▶ [Activity]: Check every line of the records below for the string "Pink", then report only how many lines have it.

▶ [Data records]:

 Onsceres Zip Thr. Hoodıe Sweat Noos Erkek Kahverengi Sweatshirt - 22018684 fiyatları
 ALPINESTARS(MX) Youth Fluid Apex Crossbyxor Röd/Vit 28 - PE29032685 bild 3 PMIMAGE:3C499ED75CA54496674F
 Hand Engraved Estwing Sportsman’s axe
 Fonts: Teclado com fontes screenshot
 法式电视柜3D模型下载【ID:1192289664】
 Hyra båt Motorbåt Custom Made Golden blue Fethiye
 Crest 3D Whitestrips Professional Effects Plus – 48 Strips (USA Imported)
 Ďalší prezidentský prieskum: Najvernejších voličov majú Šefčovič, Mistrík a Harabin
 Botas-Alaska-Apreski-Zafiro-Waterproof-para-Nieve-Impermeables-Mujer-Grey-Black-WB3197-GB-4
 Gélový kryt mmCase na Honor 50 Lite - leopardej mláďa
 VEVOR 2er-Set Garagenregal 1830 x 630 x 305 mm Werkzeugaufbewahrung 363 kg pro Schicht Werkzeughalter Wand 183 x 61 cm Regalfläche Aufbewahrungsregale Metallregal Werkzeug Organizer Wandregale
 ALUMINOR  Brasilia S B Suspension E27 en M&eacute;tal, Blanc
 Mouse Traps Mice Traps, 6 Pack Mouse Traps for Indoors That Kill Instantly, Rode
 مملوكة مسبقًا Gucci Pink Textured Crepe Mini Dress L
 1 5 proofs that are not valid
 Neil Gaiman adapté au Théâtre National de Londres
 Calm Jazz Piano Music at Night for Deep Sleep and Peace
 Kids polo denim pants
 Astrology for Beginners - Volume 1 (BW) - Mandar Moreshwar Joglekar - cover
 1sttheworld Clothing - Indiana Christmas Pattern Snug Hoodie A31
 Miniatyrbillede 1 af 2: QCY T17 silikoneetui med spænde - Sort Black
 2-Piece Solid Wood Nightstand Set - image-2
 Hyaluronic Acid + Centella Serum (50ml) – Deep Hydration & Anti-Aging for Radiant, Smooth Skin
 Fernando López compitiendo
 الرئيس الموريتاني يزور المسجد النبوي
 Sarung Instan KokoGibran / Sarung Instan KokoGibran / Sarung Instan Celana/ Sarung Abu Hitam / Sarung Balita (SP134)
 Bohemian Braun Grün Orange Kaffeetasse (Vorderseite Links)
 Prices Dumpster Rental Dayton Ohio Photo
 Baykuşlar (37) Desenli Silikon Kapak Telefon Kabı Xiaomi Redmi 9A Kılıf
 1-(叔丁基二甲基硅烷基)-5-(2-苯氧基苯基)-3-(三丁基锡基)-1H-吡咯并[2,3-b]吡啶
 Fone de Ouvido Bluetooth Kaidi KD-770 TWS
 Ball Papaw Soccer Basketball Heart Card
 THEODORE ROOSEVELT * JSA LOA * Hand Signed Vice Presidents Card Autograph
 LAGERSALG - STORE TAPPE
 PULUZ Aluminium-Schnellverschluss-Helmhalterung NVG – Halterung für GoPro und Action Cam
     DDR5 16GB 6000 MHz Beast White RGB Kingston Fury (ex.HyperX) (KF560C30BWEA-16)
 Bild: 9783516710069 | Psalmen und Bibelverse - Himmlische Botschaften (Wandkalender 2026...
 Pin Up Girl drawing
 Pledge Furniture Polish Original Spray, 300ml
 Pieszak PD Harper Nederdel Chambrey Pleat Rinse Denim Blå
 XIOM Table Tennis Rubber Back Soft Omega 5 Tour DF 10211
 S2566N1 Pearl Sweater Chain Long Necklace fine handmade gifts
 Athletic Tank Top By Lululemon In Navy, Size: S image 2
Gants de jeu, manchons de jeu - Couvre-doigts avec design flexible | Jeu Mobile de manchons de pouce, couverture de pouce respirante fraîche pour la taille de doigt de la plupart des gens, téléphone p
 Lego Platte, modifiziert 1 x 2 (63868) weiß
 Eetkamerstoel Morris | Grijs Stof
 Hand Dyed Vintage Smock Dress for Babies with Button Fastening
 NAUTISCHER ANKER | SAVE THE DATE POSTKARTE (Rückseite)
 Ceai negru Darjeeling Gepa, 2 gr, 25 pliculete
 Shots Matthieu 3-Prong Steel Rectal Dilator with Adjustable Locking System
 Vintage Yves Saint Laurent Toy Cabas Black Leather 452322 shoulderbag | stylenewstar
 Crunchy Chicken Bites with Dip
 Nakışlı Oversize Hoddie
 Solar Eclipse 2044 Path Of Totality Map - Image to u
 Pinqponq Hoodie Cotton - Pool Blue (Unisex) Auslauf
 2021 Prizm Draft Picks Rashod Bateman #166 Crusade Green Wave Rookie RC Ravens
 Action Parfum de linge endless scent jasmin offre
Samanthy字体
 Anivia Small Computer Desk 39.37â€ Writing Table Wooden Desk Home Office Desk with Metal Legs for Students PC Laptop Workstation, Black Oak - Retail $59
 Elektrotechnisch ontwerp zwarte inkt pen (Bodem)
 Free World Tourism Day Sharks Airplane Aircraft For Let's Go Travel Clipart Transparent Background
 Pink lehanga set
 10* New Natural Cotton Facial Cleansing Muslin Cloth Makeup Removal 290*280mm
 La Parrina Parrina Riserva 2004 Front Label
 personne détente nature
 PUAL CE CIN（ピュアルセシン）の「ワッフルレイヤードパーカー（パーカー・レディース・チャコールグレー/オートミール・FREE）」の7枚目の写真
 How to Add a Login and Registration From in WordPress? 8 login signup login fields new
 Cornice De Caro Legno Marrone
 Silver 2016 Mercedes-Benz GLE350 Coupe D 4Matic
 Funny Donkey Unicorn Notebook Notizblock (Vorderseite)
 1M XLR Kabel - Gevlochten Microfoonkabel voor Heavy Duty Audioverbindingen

▶ [Answer area]: 2